- EXERCISE DETAILS
The lines to extract begin at the line that contains "The default wait" and run through the last line of the listing; reproduce them exactly, minus any pictures.

- MATERIAL FOR THE TASK
>>

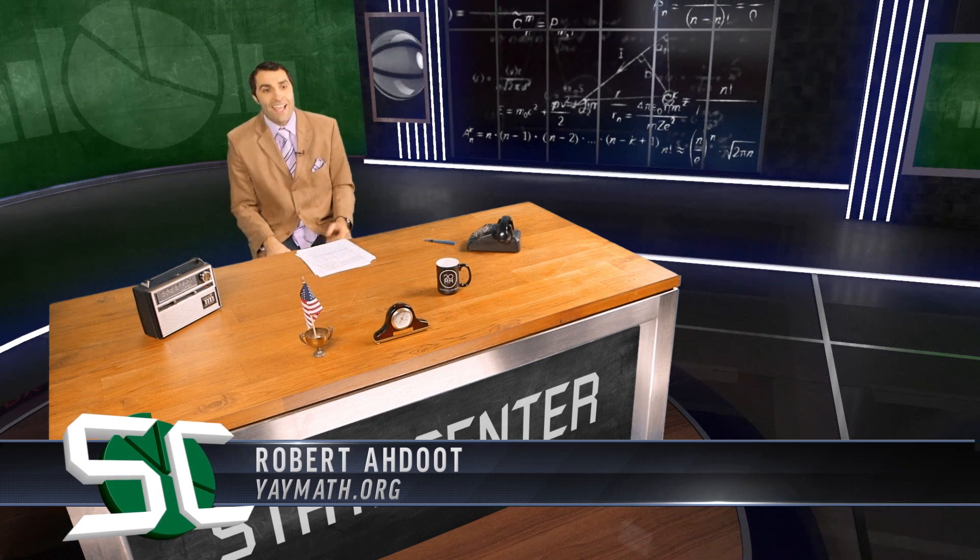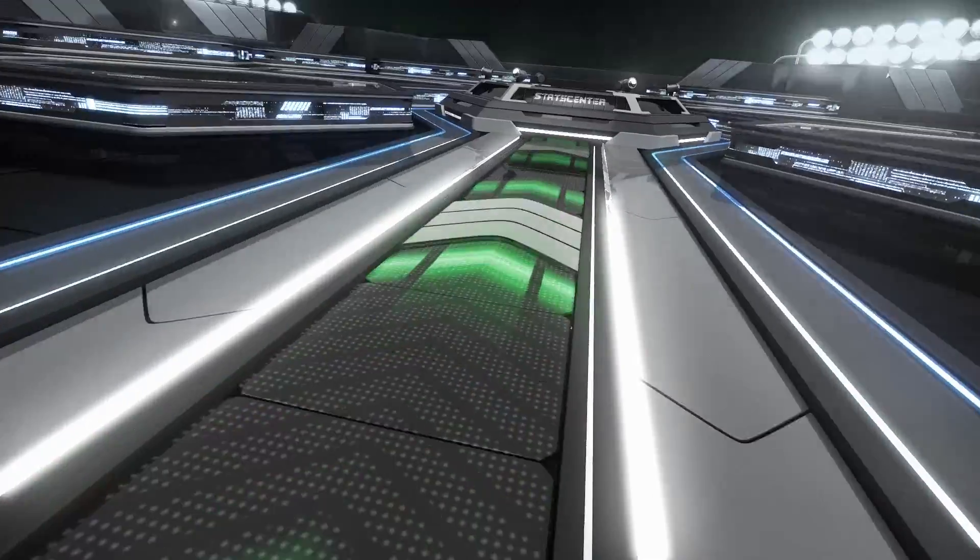Good evening, stats fans. It's time again for Stats Center, presented by the Michelson 20mm Foundation. I'm Robert Adut of yaymath.org, and tonight we're talking conditional probability and contingency tables.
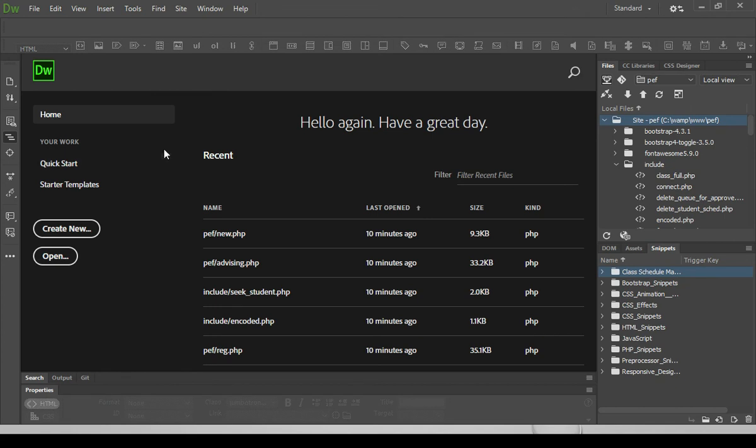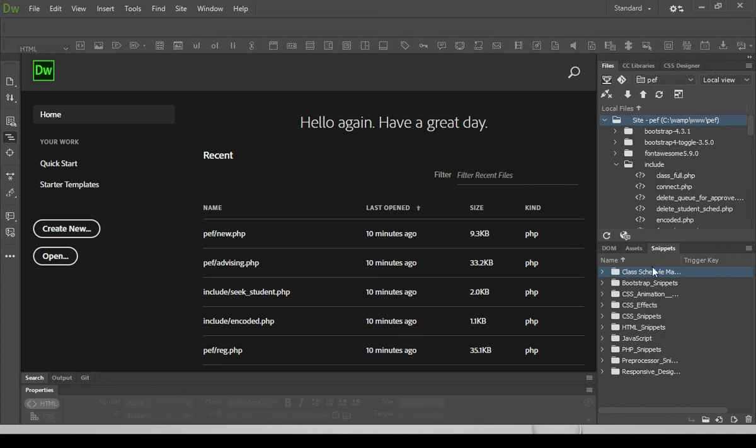It will show you the recent files opened, including the panels at the right side and at the left side.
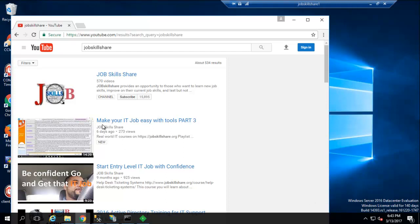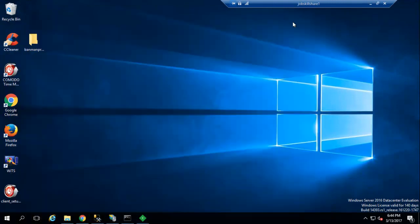Hello everyone, welcome to jobskillshare.org - 'Make your IT job easy with tools,' part 4. Today it's not just about getting and installing tools from a site. Sometimes when you start working in a company in a real-world scenario, things will already be in place. We're going to talk about those types of things and certain precautions you can take to make your job easy.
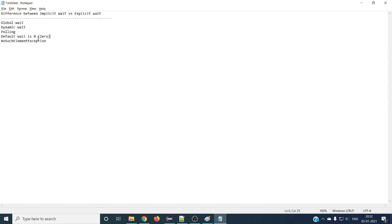The default wait value is zero seconds. If you have not defined your implicit wait or your explicit wait, implicit wait will take zero seconds and explicit wait will also take only zero seconds. There is no harm in defining your implicit or explicit wait - anything is fine, but the default time is zero.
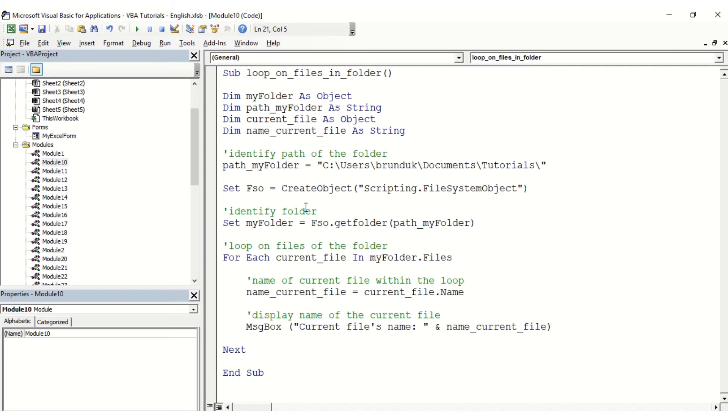Of course here you could potentially afterwards check on what kind of file it is. If you want to open it and do some modifications you could, if you want to copy this file and so on and so forth. So you have more things that you can do here, but just to demonstrate how to loop on files in a folder.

<<

- TASK SOLUTION
The default wait value is zero seconds. If you have not defined your implicit wait or your explicit wait, implicit wait will take zero seconds and explicit wait will also take only zero seconds. There is no harm in defining your implicit or explicit wait - anything is fine, but the default time is zero.
Of course here you could potentially afterwards check on what kind of file it is. If you want to open it and do some modifications you could, if you want to copy this file and so on and so forth. So you have more things that you can do here, but just to demonstrate how to loop on files in a folder.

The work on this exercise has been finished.